During May and June, high school seniors across the United States gather to don a cap and gown in a crescendo of four years of hard work. For the students it is a momentous occasion in their lives. Yet, it could also be part of a momentous trend across the United States, depending on how many students actually receive their graduation certificates. In 2013, the high school graduation rate hit 81.4%, according to the 2015 Building a Grad Nation Report put out by the organization GradNation. This is up slightly from 79% in 2011 and 80% in 2012, and is moving steadily towards a goal of 90% of high schoolers graduating in 2020. So why have graduation rates risen, and how can they continue to rise? Research has illustrated several factors that have counted to higher graduation rates. First, targeted efforts have helped retain minority students from dropping out. According to the National Center of Education Statistics, in 2000 13% of all African-American students dropped out and 27% of Latino/as. By 2012, these numbers had declined to 7.5% of African-American students and 12.7% of Latino/a students. Retention of minority students has had a substantial effect on the graduation rate.
Importantly, interventions at the district and school level have helped mold schools into places where students can thrive and graduate. Throughout the ’90s, organizations like the Center for Research on Education of Students Placed at Risk (CRESPAR), a joint venture between John Hopkins and Howard University, began to study how individual high schools could improve in instruction and administration to keep from losing minority students. This helped to target the 900 to 1,000 high schools in the U.S. where graduation was 50% at best, and the 2,000 high schools where a freshman class will shrink by 40% before senior year. Since then many states have launched sophisticated programs to target their lowest performing schools and reconstruct them into more successful institutions.
Also important to the rise of graduation is improvement in instruction much earlier than high school.
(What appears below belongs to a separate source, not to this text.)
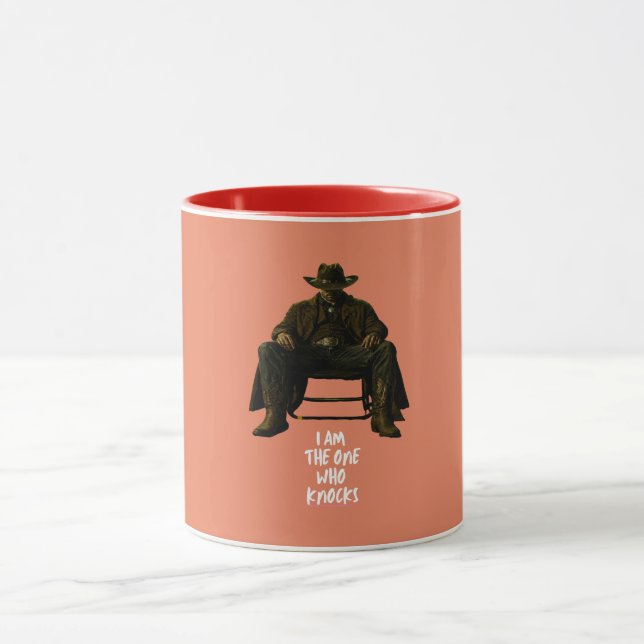Ich bin der, der klopft | Berühmter Spruch Kaffeet Tasse (Zentrum)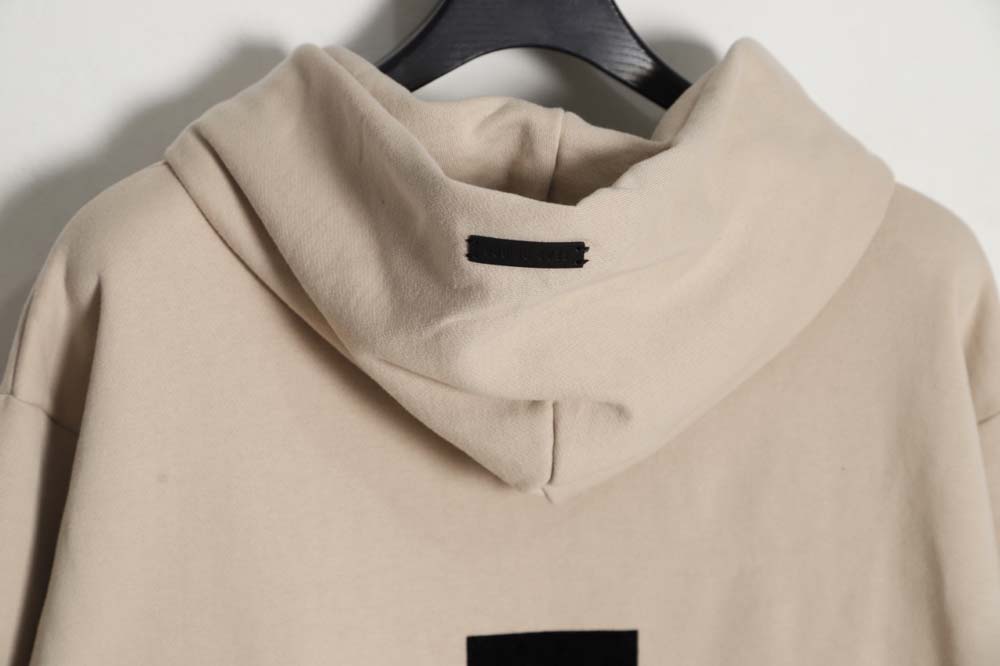 FEAR OF GOD FOG Season 7 main line flocked 7-letter hoodie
In fact, one of the most important indicators of whether a student will graduate high school is how the student reads at third grade. Students living in poverty tend to enter school with a paucity of language, which can be exacerbated by the time they deal with high school courses if initiatives are not put in place by third grade. For this reason, states have made significant efforts, such as NC’s Read to Achieve, over the last decade and a half to target third grade reading. No doubt as further and further emphasis on third grade reading occurs, more and more students will continue to graduate high school almost a decade later.
Despite gains, however, there are some areas in the United States which have not seen the same growth. Often times in the United States, socioeconomic categories overlap. Areas with greater socioeconomic hardships–and minorities with a greater rate of poverty compared to the state average– tend to face difficult circumstances when helping those minority students succeed in schools. For instance, Arizona, whose overall population living in poverty is 9% White while 33% Latino/a, also has significantly lower graduation rates among Latino/a students compared to the national average. In fact, it is one of the places where high school graduation is declining in the nation. To continue to grow graduation rates will take an increased effort to help the gap close, not widen, between the privileged and less privileged members of our society.